* [TASK TO COMPLETE] Copy the data exactly from the line that contains "I Adopted a" through the line that contains "Nastea & Damian.", keeping both end lines and leaving out everything else.

* [INPUT DATA]
· · · · · · ·

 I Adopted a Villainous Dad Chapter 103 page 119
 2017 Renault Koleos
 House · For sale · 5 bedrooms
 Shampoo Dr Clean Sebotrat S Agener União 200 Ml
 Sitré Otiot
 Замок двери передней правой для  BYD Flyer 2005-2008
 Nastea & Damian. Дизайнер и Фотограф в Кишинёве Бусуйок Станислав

· · · · · · ·

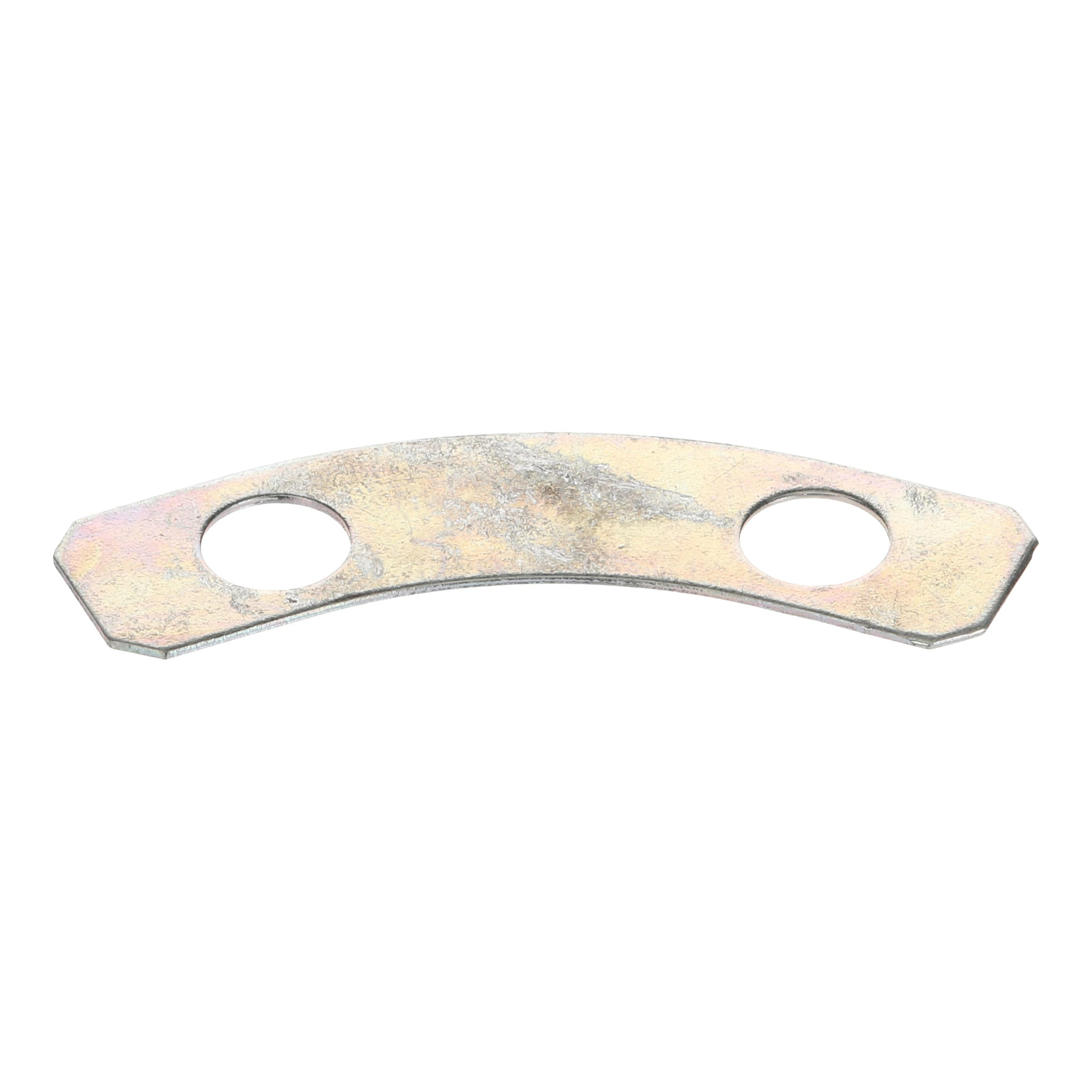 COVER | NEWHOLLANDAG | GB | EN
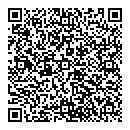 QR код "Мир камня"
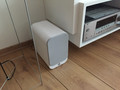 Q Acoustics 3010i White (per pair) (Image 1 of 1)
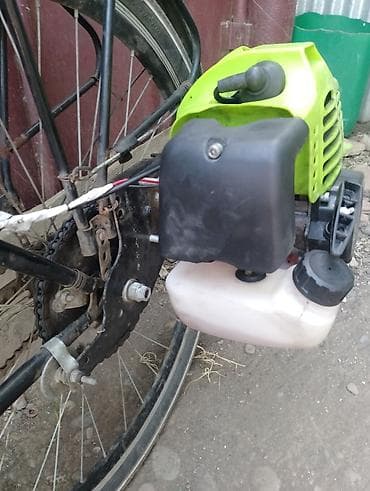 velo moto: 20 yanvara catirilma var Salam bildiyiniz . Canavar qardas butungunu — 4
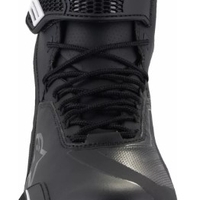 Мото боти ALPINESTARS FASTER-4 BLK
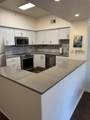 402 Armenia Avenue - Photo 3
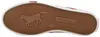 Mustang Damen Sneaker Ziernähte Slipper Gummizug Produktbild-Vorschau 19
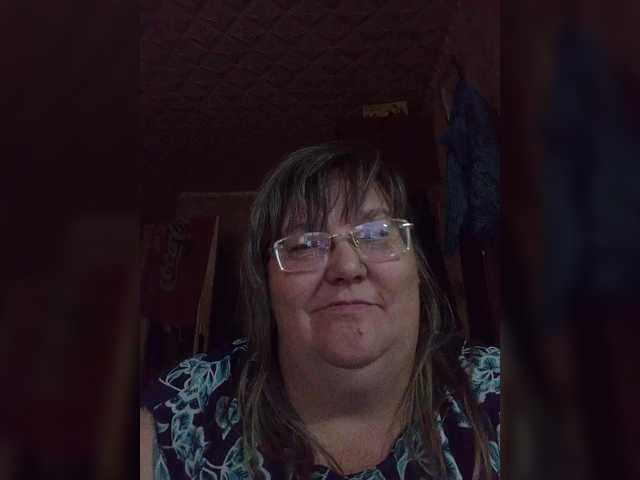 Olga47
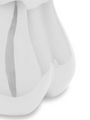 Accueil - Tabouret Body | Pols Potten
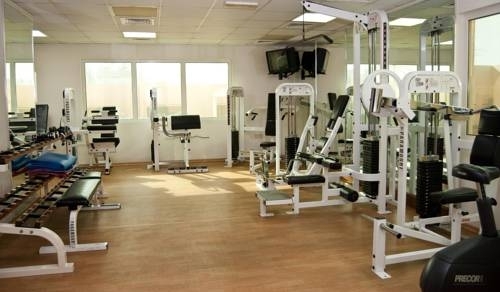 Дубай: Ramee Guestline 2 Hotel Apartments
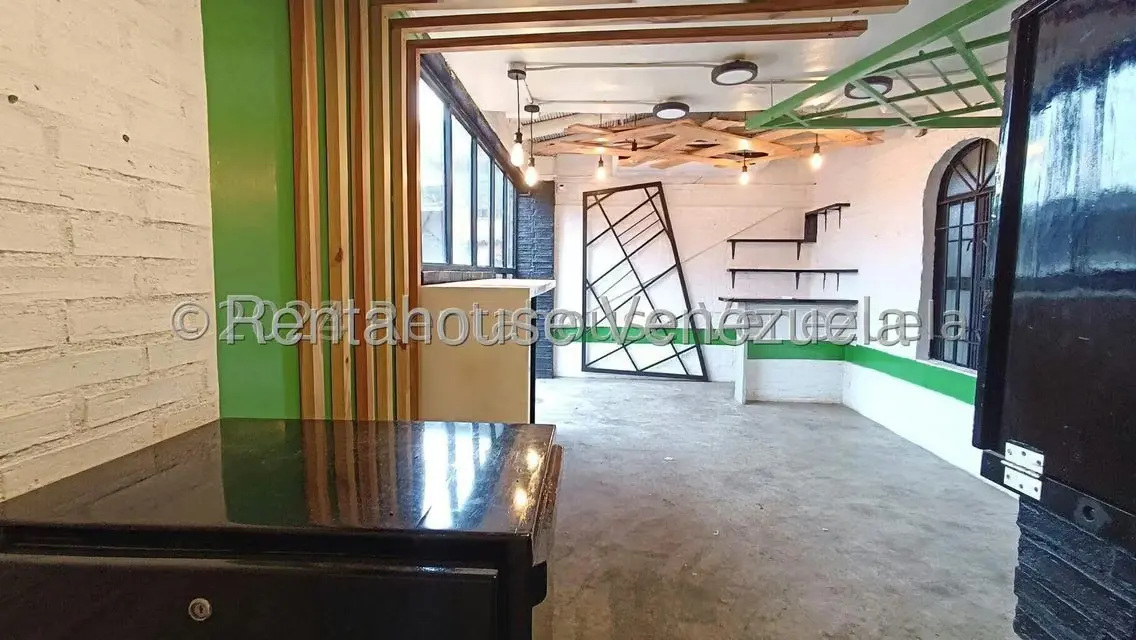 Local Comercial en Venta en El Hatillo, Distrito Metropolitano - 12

· · · · · · ·

* [SOLUTION]
 I Adopted a Villainous Dad Chapter 103 page 119
 2017 Renault Koleos
 House · For sale · 5 bedrooms
 Shampoo Dr Clean Sebotrat S Agener União 200 Ml
 Sitré Otiot
 Замок двери передней правой для  BYD Flyer 2005-2008
 Nastea & Damian. Дизайнер и Фотограф в Кишинёве Бусуйок Станислав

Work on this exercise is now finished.